# PROMPT:
Transcribe every entry word for word, leaving out all images.

# RECORDS SUPPLIED:

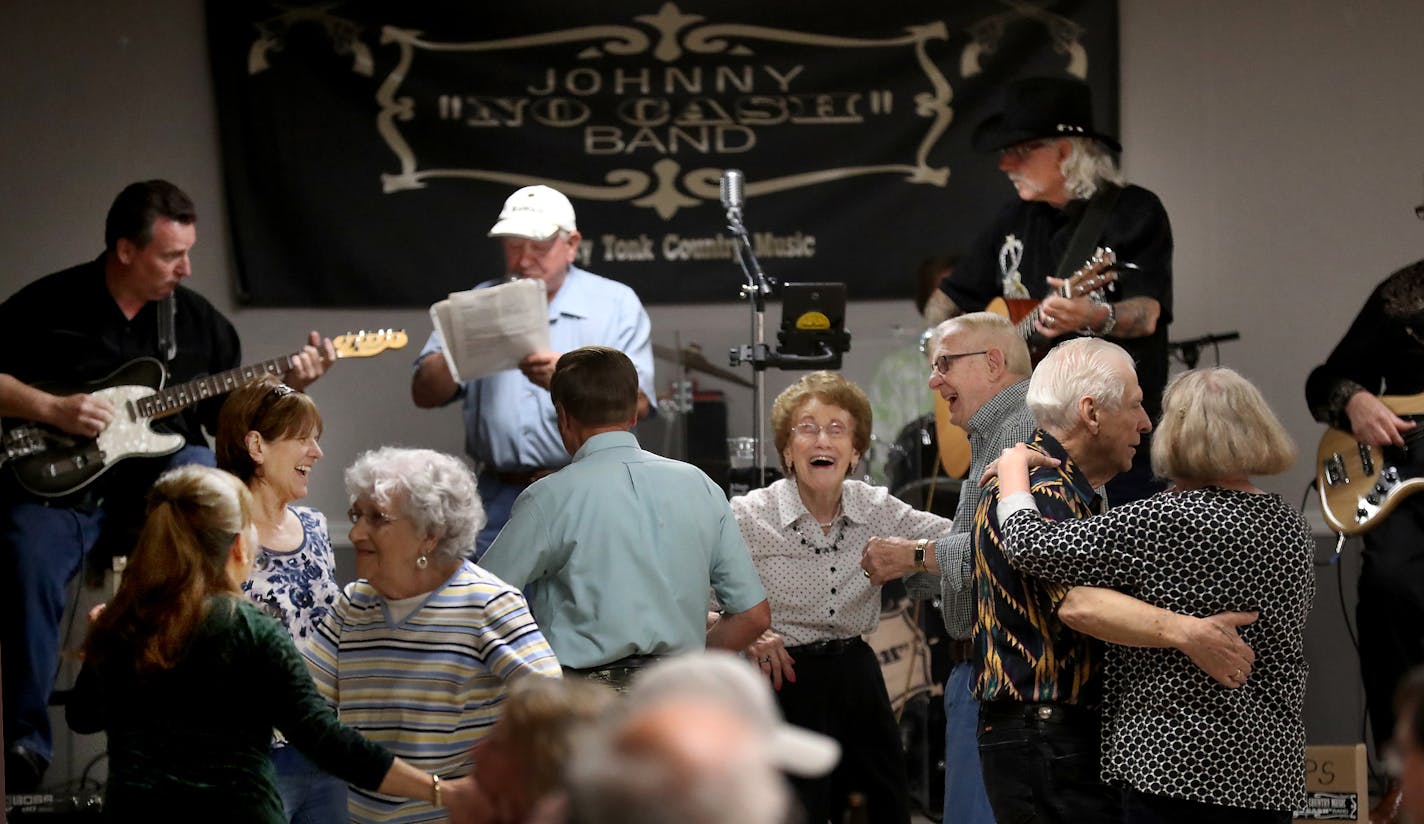 Country singer/yodeler Darrel Johnson, 82, takes to the stage weekly for a few songs, along side the Johnny "No Cash" Band at the Red Barn VFW Post 8752 in Cottage Grove, where he practices the lost art of the yodel, always to the delight of the mostly senior crowd. Here, dancers pack the floor as Johnson performs Tuesday, May 8, 2018, at the Red Barn VFW in Cottage Grove, MN.] DAVID JOLES &#xef; david.joles@startribune.com Each week, after partaking in the weekly meat raffle, singer/yodeler Dar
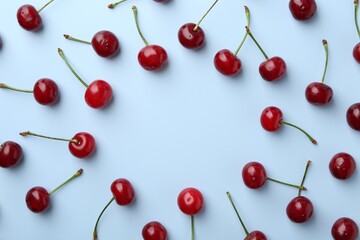 Frame of fresh ripe cherries on light background, flat lay. Space for text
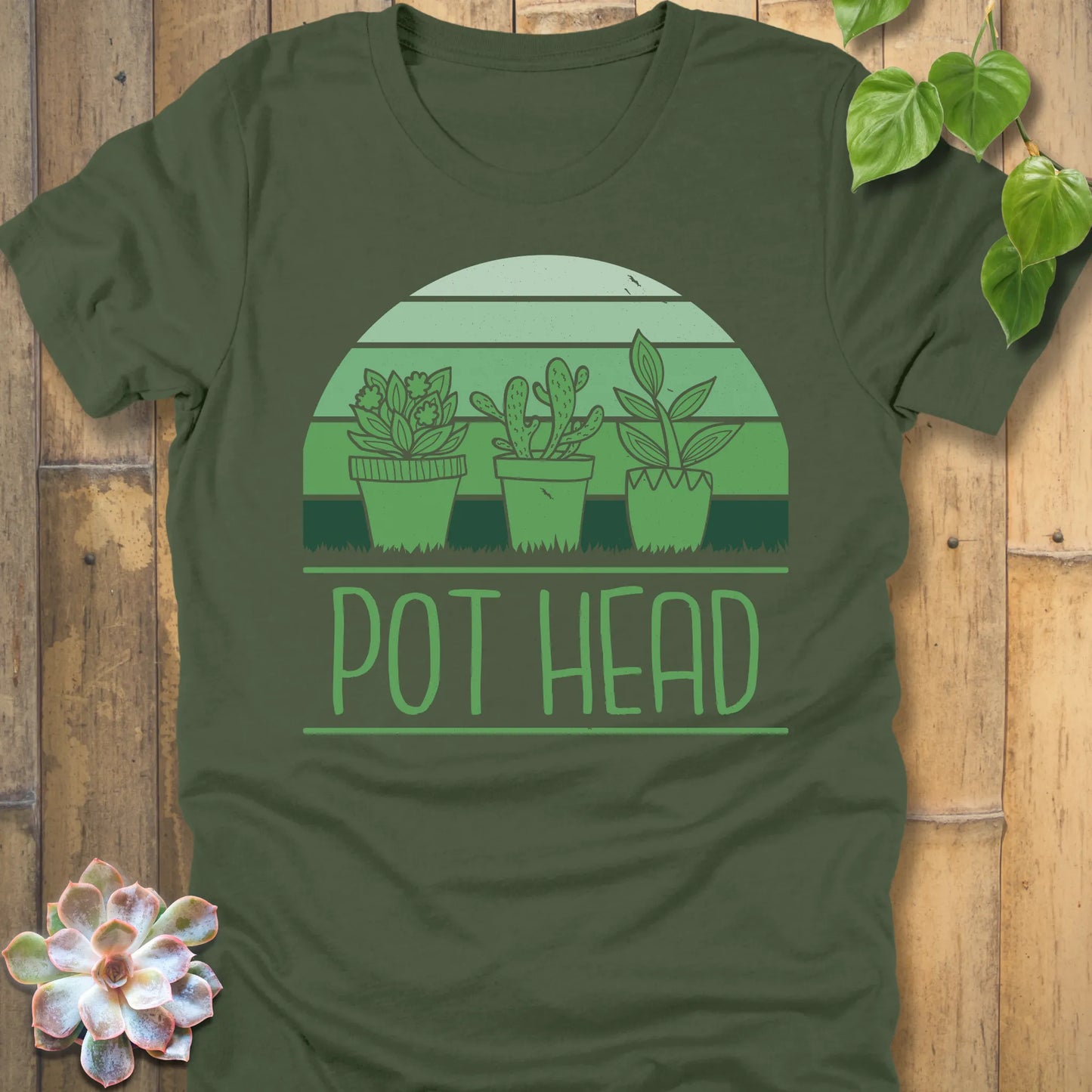 Military Green t-shirt featuring the design Pot Head printed in bold letters and 3 different plant in the pots, funny plant lover shirt.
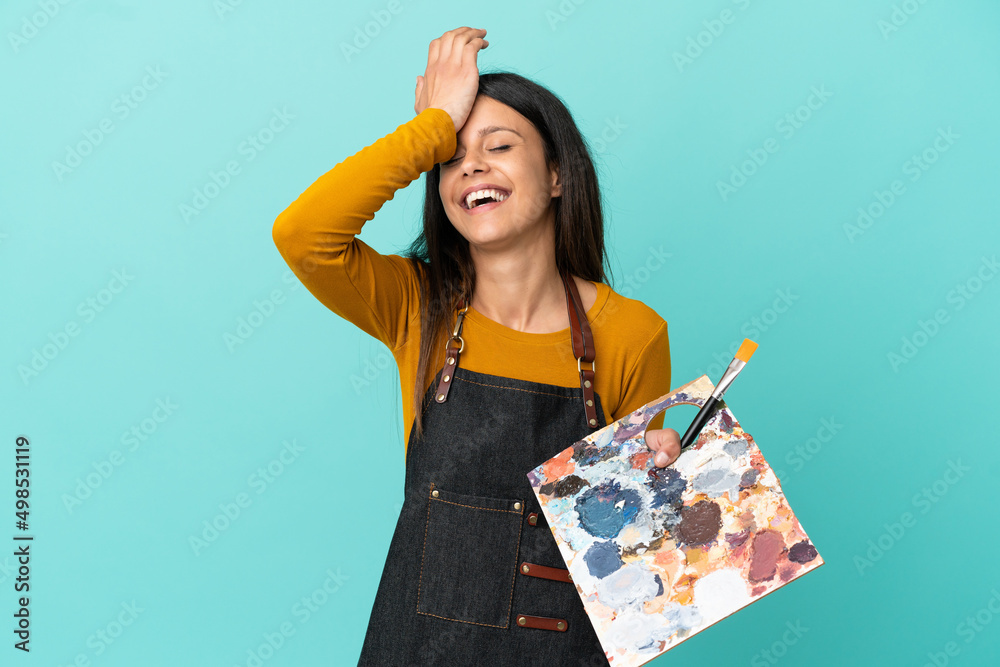 Young artist caucasian woman holding a palette isolated on blue background has realized something and intending the solution Young artist caucasian woman holding a palette isolated on blue background has realized something and intending the solution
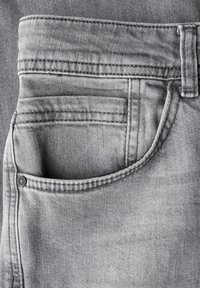 Jeans de mezclilla gris con un bolsillo delantero, con costura diagonal, un remache metálico y un acabado liso, ligeramente deslavado.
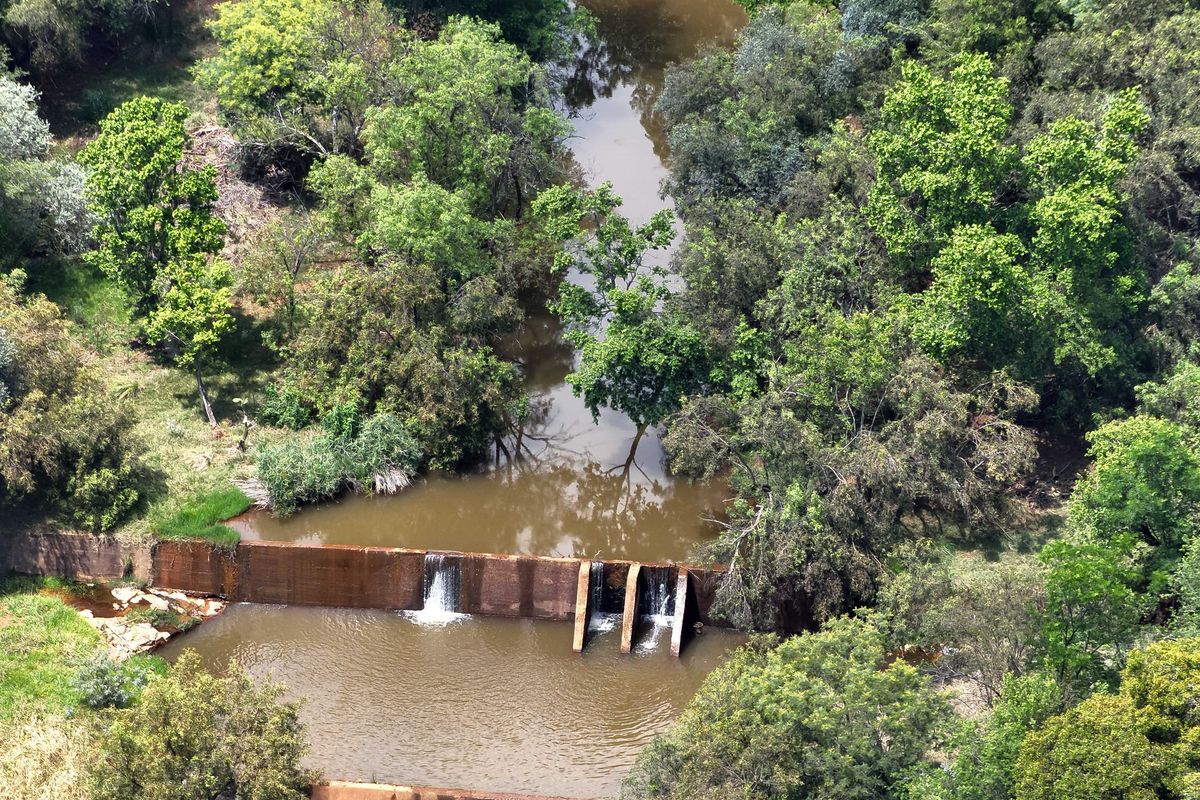 An aerial view of a natural river flowing through the property, featuring a concrete weir structure surrounded by mature trees and vegetation.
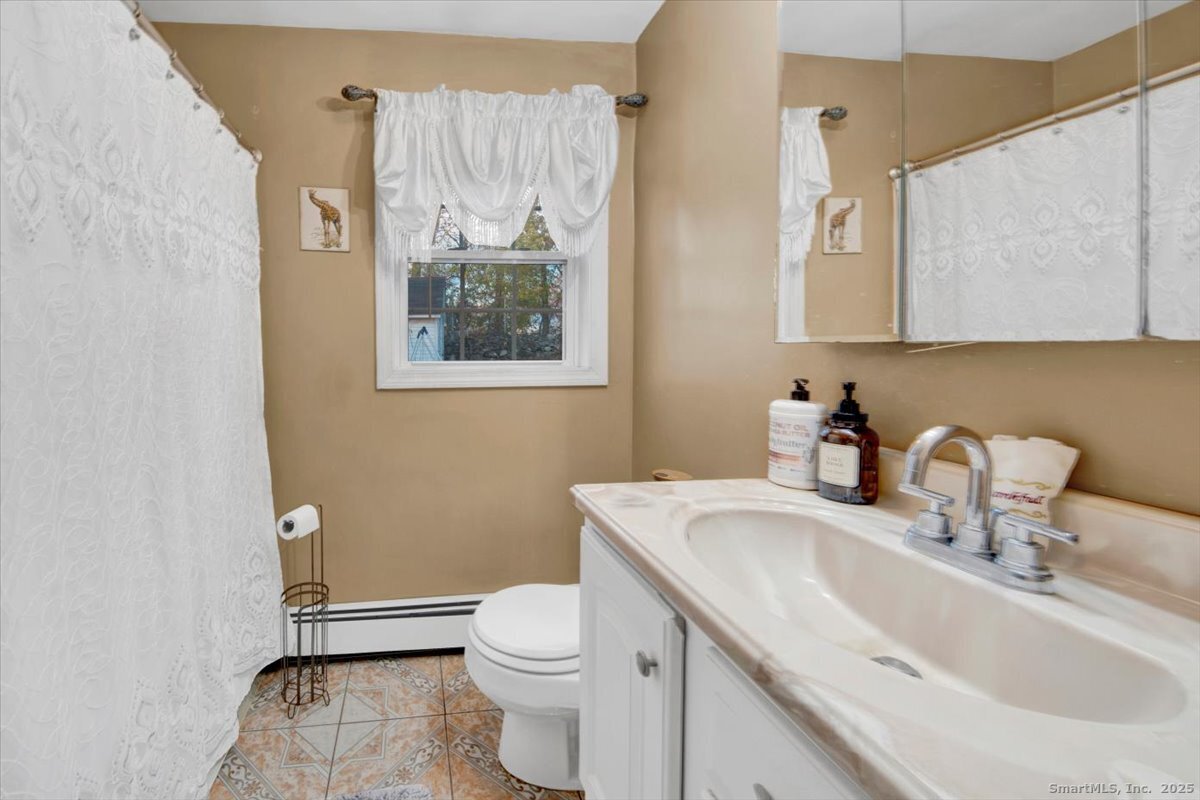 65 Clearview Drive Bridgeport, CT 06606 - Photo 13 of 25 a bathroom with a sink a toilet and mirror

# SOLUTION TO THE PROBLEM:
 Country singer/yodeler Darrel Johnson, 82, takes to the stage weekly for a few songs, along side the Johnny "No Cash" Band at the Red Barn VFW Post 8752 in Cottage Grove, where he practices the lost art of the yodel, always to the delight of the mostly senior crowd. Here, dancers pack the floor as Johnson performs Tuesday, May 8, 2018, at the Red Barn VFW in Cottage Grove, MN.] DAVID JOLES &#xef; david.joles@startribune.com Each week, after partaking in the weekly meat raffle, singer/yodeler Dar
 Frame of fresh ripe cherries on light background, flat lay. Space for text
 Military Green t-shirt featuring the design Pot Head printed in bold letters and 3 different plant in the pots, funny plant lover shirt.
 Young artist caucasian woman holding a palette isolated on blue background has realized something and intending the solution Young artist caucasian woman holding a palette isolated on blue background has realized something and intending the solution
 Jeans de mezclilla gris con un bolsillo delantero, con costura diagonal, un remache metálico y un acabado liso, ligeramente deslavado.
 An aerial view of a natural river flowing through the property, featuring a concrete weir structure surrounded by mature trees and vegetation.
 65 Clearview Drive Bridgeport, CT 06606 - Photo 13 of 25 a bathroom with a sink a toilet and mirror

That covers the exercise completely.